I accept the coffee and blow on the steam coming from the lid, while he opens a bag and pulls out a variety of pastries. “Why do I feel like you’re buttering me up?” I ask.
He exhales. “I grabbed something from the desk at Sarah’s yesterday,” he says. He goes to his laptop bag and hands me a manila envelope with my name on the front. “Things were so heavy at the time that I thought I should wait. But since I’m not sure what’s in there, you probably need to take a look before we go home. I can give you some time alone to go through it if you want.”
I take a seat on the bed, patting the spot beside me, and then I carefully unclasp the envelope. Inside, the stack of papers clipped together is nearly an inch thick. I remove the letter on the very top and hand the rest of the pile to him. In a way I don’t want to read it. This is the last thing I’ll ever receive from my mother, the last piece of her I’ll hold. But I hope, at the same time, that it will help me remember her.
To my Beautiful Daughter —
In this envelope you’ll find deeds to some of my properties, and my lawyer will pass on the rest soon. Needless to say, it is all yours now. I have taken care of things so there will be no questions about my disappearance. And there are some photos here to help both of you, but I’ve broken my own rules to acquire them. Once you begin time traveling, you should take pains not to be photographed.
And now for the hard part. I’ve had a long time to think abo
ut what I would put in this letter, and yet now that it’s finally time to write it, I’m at a loss. There are no words for how much I wish I could be there during this next stage of your life, how much I wish I could be a grandmother to your girls, but I’m so grateful you’ve made it where you are that it’s hard to want for much at the moment.
Never regret what happened. Your daughters needed you, not me. There will be times, I know, when you will question this, but you shouldn’t. Remember, I saw the outcome of them growing up without you and I know exactly how it would have turned out. They would have come far too soon, leaving one of them very ill and one of them bitter, with a father who never quite recovered from losing you. You will change all that. You will give all of them the life they are meant to have. There’s more, but it can wait.

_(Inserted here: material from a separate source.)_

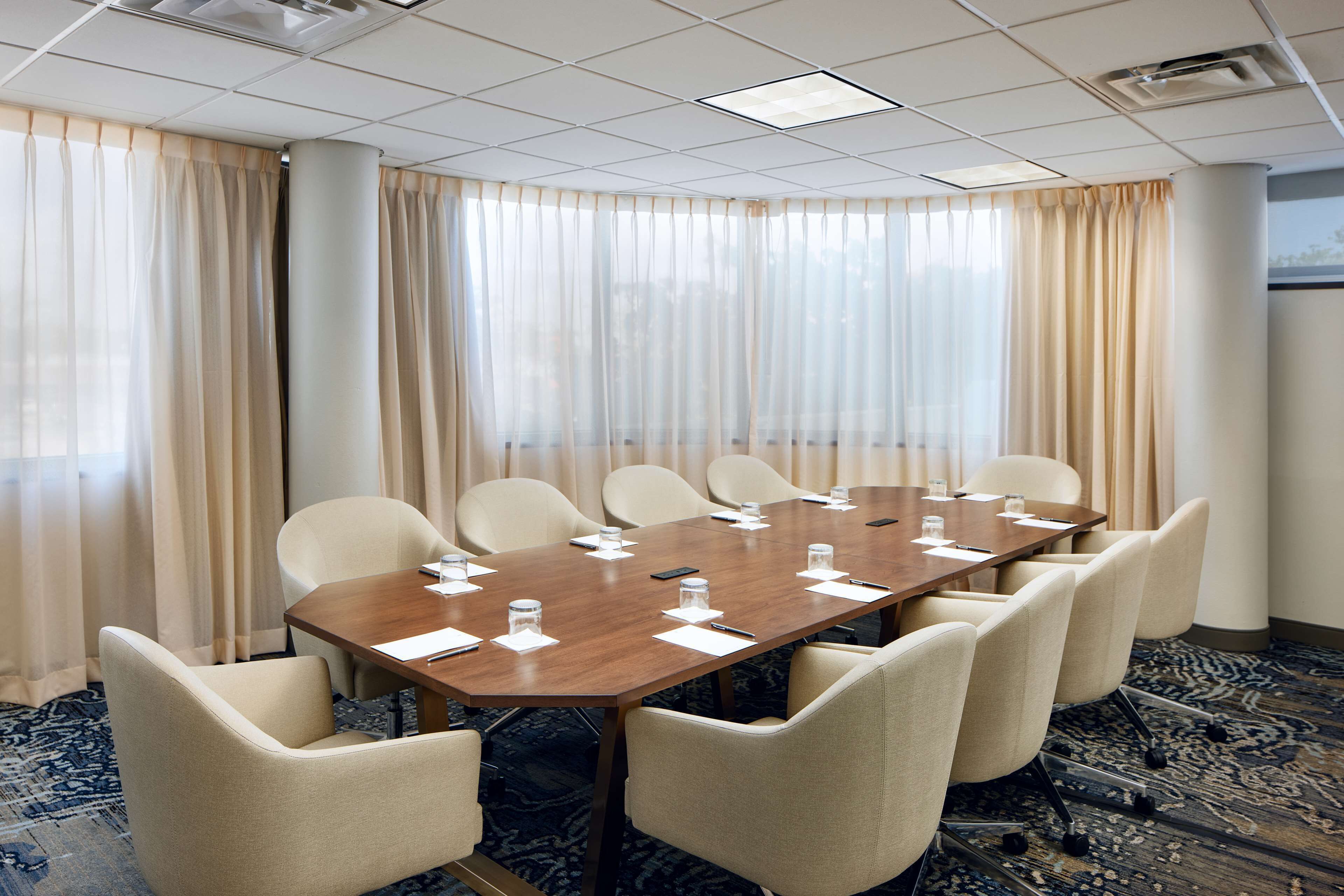 Una sala de conferencias con una larga mesa, seis sillas y suelo alfombrado.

Come back to see me and let me know how it all turned out.
All my love,
Mom
I can’t say it helped me remember her, but there’s still hope. Eventually I’ll go back and get reacquainted with the mother I don’t remember and, perhaps too, with the father I never met. I brush at my eyes and turn to him. My voice is raspy. “Anything there?”
He starts shuffling through the papers. “You have property,” he says. “You have a lot of property. Greece, Paris, London, Brazil, California…Jesus, it goes on and on.”
My breath releases in an audible huff. After an entire lifetime spent worrying about money, I’ll never have to worry about it again. I wonder why she never shared it with my father—uncle, I correct, though he will always seem like my dad—but realize she probably tried and he was just too proud to take it. “I suspect that’s the tip of the iceberg,” I say quietly.
He presses his mouth close to my ear. “So you’re telling me I fell in love with an unemployed student and it turns out she may be an heiress?”